Upbeat Construction & Forestry Segment
Deere predicts global sales for Construction & Forestry equipment to soar 81% for fiscal 2018. The Wirtgen acquisition is likely to add about 55% to sales of the segment. The outlook is based on global economic growth, higher housing starts in the United States, and an improved oil and gas sector. Again, economic environment for the construction, forestry and road building industries bodes well, and continues to support elevated demand for new and used equipment.
Additionally, construction investment is estimated to rise 2.9% in fiscal 2018, led by increased activity in oil and gas. Deere projects oil prices to be around $67 a barrel for the fiscal. In addition, backlogs for many oilfield contractors are extending through fiscal 2019, which will boost equipment demand.

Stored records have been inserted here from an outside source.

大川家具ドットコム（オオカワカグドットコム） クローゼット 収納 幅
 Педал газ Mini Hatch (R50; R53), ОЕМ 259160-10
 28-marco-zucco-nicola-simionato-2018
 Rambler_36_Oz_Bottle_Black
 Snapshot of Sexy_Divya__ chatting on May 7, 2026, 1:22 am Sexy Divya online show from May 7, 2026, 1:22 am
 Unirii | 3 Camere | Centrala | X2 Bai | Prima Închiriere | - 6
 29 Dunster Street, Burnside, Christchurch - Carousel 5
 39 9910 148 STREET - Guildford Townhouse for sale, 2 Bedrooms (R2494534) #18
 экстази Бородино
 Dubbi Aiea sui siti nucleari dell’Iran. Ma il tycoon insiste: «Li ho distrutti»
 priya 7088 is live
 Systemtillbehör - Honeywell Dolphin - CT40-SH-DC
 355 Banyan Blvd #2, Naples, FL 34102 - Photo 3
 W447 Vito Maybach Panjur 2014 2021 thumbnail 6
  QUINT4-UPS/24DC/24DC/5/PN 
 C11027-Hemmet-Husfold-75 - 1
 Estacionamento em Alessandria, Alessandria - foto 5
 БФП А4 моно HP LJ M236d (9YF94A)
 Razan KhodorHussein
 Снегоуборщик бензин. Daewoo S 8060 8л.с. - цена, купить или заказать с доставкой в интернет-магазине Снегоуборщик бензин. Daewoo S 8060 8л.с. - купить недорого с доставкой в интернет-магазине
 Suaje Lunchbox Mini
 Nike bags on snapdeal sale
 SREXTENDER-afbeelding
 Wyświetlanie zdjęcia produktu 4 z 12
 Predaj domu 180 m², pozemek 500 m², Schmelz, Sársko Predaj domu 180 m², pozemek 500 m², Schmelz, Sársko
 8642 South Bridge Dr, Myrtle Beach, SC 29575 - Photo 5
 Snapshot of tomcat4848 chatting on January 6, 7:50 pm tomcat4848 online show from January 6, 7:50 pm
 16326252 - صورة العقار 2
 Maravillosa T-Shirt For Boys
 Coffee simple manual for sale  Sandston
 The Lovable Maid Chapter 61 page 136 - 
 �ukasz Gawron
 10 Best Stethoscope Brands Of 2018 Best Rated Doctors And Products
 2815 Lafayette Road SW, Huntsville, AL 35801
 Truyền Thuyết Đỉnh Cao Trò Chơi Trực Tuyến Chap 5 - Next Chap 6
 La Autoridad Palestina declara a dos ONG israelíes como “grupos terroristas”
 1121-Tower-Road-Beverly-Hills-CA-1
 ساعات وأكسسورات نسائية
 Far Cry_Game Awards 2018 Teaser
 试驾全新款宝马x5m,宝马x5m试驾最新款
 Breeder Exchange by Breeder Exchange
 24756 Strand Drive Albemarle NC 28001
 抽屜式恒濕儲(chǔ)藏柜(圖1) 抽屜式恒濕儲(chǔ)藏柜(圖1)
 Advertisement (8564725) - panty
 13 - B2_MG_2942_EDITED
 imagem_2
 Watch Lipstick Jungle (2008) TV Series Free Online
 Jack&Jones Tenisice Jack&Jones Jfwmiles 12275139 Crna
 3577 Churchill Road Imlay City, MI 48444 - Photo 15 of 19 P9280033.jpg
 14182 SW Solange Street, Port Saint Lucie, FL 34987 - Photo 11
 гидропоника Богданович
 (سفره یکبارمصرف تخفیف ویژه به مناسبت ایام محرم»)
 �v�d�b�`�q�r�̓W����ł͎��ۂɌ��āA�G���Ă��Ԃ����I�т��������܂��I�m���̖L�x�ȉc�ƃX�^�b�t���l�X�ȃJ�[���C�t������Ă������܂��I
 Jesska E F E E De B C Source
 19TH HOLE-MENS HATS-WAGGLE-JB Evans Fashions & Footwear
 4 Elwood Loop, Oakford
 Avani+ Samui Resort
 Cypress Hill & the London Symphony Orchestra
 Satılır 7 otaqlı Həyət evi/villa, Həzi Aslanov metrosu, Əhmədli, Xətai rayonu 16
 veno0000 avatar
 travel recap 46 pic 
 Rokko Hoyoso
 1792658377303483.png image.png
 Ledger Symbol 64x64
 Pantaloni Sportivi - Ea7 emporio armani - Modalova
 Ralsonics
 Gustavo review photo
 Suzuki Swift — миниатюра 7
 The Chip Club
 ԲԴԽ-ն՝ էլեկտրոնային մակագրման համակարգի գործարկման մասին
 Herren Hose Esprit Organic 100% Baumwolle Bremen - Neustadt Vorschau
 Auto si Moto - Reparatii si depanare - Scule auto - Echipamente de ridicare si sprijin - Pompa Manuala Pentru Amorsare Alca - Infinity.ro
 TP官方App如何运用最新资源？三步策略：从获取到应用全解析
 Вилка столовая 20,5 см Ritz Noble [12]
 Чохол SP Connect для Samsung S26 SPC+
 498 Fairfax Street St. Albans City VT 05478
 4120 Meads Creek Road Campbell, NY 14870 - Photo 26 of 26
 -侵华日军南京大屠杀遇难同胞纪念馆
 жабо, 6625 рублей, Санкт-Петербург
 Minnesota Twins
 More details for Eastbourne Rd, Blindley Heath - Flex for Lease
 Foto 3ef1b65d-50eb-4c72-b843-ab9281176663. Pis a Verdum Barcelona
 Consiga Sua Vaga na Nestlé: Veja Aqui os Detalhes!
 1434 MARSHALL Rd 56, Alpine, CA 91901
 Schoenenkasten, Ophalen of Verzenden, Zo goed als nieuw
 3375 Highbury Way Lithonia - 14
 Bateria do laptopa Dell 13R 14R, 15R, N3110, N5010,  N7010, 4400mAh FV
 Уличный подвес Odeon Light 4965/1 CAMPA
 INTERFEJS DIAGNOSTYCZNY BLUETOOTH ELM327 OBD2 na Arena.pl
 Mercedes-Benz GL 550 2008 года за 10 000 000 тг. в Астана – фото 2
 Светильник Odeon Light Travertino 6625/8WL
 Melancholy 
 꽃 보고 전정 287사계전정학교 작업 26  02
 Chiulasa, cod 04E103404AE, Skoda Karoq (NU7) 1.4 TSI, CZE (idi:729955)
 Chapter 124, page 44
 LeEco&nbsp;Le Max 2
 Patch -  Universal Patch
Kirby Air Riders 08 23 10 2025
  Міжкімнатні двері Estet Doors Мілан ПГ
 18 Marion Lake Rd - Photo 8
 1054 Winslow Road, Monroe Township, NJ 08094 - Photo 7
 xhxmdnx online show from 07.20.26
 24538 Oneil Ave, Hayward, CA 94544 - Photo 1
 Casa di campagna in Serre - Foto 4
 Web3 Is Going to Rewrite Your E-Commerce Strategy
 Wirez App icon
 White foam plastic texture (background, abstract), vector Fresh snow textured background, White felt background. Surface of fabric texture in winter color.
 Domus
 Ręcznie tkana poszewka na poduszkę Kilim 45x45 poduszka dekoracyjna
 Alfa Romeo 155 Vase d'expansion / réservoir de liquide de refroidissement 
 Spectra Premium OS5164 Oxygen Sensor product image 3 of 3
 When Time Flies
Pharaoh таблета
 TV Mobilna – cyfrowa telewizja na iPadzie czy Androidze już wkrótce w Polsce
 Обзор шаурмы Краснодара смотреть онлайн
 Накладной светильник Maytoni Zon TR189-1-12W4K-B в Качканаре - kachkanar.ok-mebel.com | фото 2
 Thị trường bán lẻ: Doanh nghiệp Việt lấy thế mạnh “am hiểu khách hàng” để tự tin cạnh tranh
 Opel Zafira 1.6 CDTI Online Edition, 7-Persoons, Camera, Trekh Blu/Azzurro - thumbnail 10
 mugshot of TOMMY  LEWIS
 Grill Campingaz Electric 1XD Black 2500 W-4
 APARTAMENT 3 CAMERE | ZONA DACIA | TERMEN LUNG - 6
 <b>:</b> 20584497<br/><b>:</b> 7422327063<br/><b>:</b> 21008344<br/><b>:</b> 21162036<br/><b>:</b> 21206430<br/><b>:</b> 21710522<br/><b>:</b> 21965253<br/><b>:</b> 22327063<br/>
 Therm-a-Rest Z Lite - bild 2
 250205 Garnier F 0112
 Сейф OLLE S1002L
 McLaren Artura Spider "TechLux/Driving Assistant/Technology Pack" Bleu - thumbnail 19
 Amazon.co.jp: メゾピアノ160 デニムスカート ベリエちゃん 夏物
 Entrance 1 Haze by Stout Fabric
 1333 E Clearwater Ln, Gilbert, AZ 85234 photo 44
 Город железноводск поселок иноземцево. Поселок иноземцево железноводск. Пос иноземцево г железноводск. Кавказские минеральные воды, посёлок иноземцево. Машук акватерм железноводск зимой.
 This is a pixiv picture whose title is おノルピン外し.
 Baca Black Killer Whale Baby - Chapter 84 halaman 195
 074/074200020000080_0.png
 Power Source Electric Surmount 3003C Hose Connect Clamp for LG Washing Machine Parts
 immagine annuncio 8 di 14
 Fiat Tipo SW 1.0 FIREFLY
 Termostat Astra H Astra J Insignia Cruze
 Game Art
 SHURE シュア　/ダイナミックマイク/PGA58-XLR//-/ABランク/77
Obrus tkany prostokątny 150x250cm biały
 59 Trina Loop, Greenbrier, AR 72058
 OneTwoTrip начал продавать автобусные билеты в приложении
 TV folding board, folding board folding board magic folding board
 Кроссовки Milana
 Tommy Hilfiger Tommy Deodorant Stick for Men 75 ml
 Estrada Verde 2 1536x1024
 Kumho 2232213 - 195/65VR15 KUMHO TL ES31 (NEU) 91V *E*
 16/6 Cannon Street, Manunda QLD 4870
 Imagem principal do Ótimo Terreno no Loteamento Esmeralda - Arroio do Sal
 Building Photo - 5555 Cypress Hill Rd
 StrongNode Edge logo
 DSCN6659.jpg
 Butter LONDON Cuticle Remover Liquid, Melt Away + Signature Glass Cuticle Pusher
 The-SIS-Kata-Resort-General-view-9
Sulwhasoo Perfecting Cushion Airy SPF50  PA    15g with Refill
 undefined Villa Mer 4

Headwinds in the Agriculture Business
Deere’s agriculture business will be hurt in fiscal 2018 by expectations of high global grain and oil seed stocks-to-use ratios. This is because abundant crops have offset strong demand around the world. In addition, the corn stocks-to-use ratio is expected to decline in response to the rising global demand and drought conditions experienced during the first crop in Argentina, which lowered the country's corn production by roughly 25%. Moreover, the wheat stock-to-use ratio is projected to decline in response to intensifying drought conditions in Europe, Australia and the Black Sea region.
Elevated Costs to Impede Profit
Deere will bear the brunt of elevated expenses in fiscal 2018. The company believes an unfavorable product mix, higher overhead spending and increased incentive compensation will dampen margins. It also forecasts selling, general and administrative expense to flare up about 16% for the fiscal. Furthermore, unfavorable impact of acquisition cost and purchase accounting related to the Wirtgen buyout will hurt earnings. Also, unfavorable impacts of raw material prices, elevated freight cost, emissions costs, incentive compensation, voluntary separation expenses and pension, and OPEB expense remain headwinds.
Share Price Performance
Deere has outperformed the industry with respect to price performance, over the past year. While the stock has appreciated 27%, the industry recorded growth of 21%.
Zacks Rank & Key Picks
Deere currently carries a Zacks Rank #3 (Hold).
Some better-ranked stocks in the same sector are W.W. Grainger, Inc. (GWW - Free Report) , iRobot Corporation (IRBT - Free Report) and Atkore International Group Inc. (ATKR - Free Report) . All three stocks sport a Zacks Rank #1 (Strong Buy). You can see the complete list of today’s Zacks #1 Rank stocks here.
Grainger has a long-term earnings growth rate of 12.5%. Its shares have appreciated a whopping 130%, over the past year.
iRobot Corporation has a long-term earnings growth rate of 19.5%. The company’s shares have gained 27% in a year’s time.
Atkore International has a long-term earnings growth rate of 10%. The stock has rallied 69% in a year’s time.